Президент призвал действовать, и действовать быстро. «Мы должны идти вперед, как обученная и верная армия, готовые нести жертвы ради общей дисциплины, ибо без дисциплины невозможен прогресс, а никакое руководство не может быть эффективным». Он предупредил: если конгресс не примет необходимого законодательства, а кризис будет продолжаться, «я обращусь к конгрессу за единственным орудием для борьбы с кризисом – широкими полномочиями, столь же большими, какие бы потребовались нам в случае настоящей войны с вторгшимся врагом». Рузвельт драматически закончил свою речь: «Народ просил меня ввести дисциплину и указать путь под моим руководством. Народ сделал меня инструментом своей воли. Как дар я принимаю его… Мы смиренно просим благословения бога. Пусть он защитит каждого и всякого среди нас. И пусть он ведет меня в грядущие дни».
А. Крок написал: выражение лица ФДР было «столь мрачным, что казалось незнакомым даже давно знавшим его». Г. Стимсон пометил в дневнике: «Я был перепуган». Не зафиксирована реакция Люси Рутерферд, занимавшей почетное место на церемонии.
Рев кавалерийских труб, возвестивший о начале парада, последовал за речью президента. В радиоприемниках сигнал к прохождению войск прозвучал, как трубный глас. Американцы услышали голос вождя.
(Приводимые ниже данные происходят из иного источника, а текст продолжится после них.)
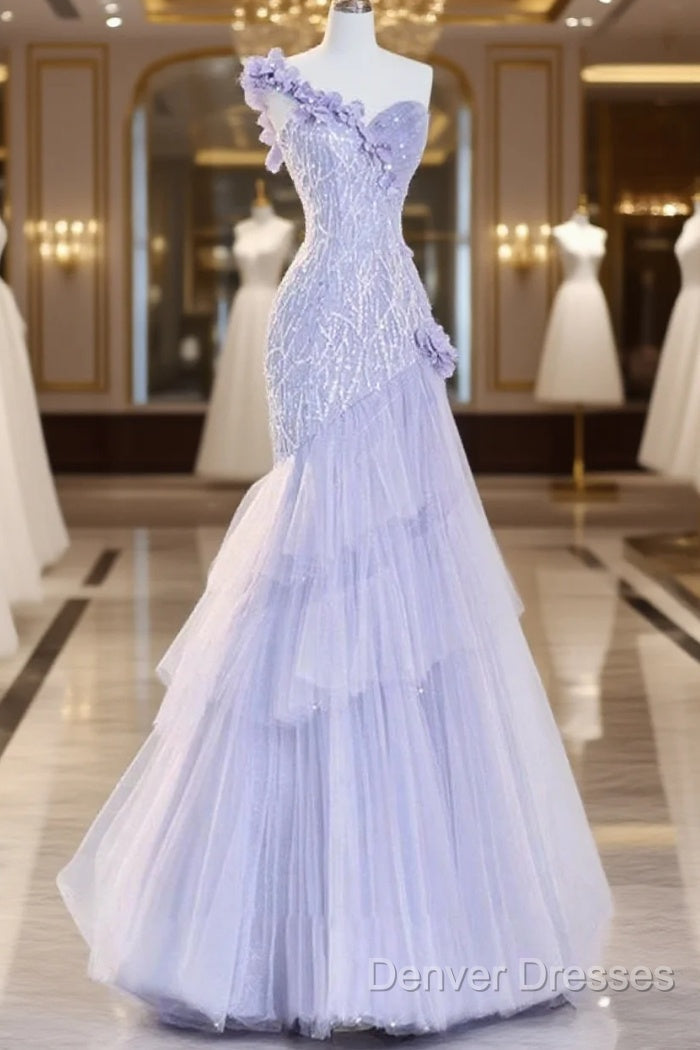 Vintage Mermaid One Shoulder Lilac Tulle Satin Long Prom Dress Party Dress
По возвращении с церемонии в Белый дом газетчики окружили Элеонору Рузвельт, прося первую даму республики поделиться впечатлениями. «Было очень, очень торжественно и немножко страшно, – сказала она. – Собралась громадная толпа, и было ясно, что она готова сделать все, если только кто-нибудь подскажет ей, что делать». Фашистская печать Германии и Италии усмотрела в первой речи президента США новое доказательство бесполезности парламентаризма и демократии. Критиканствующий «Нью рипаблик» подчеркнул, что из сказанного Рузвельтом «наиболее ярко вырисовывается одно – преддверие диктатуры».
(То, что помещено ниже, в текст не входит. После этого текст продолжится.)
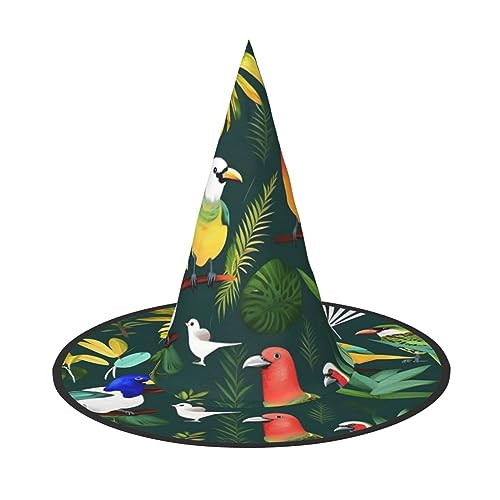 ZISHAK Trendiger Halloween-Hexenhut mit tropischen Vögeln und Pflanzenblättern für Damen – ultimativer Partyhut für das beste Halloween-Kostüm-Ensemble von ZISHAK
В день вступления в должность Ф. Рузвельт собрал членов назначенного им кабинета. Утро они посвятили молитве в церкви поблизости от Белого дома. Служил Э. Пибоди, приехавший из Гротона. В Овальном кабинете Белого дома их скопом привели к присяге. Рухнула еще одна традиция. Никогда раньше министры не присягали в Белом доме, да еще хором.
Кабинет Рузвельта был весьма разнородным, при подборе его ФДР жаждал, как объяснил он Херсту, сформировать «радикальное» правительство, «в нем не будет ни одного, кто бы знал дорогу на Уолл-стрит, 23 (резиденцию Моргана. – Н.Я.). Не будет ни одного, кто был бы связан каким-либо образом с магнатами США или с международными банкирами». Слова звучали громко и не очень искренне. Руководящим принципом подбора кабинета был FRBC – «за Рузвельта до конвента в Чикаго» (for Roosevelt before Chicago), то есть вознаграждались верные. Ни один из колебавшихся на конвенте не получил заметного поста.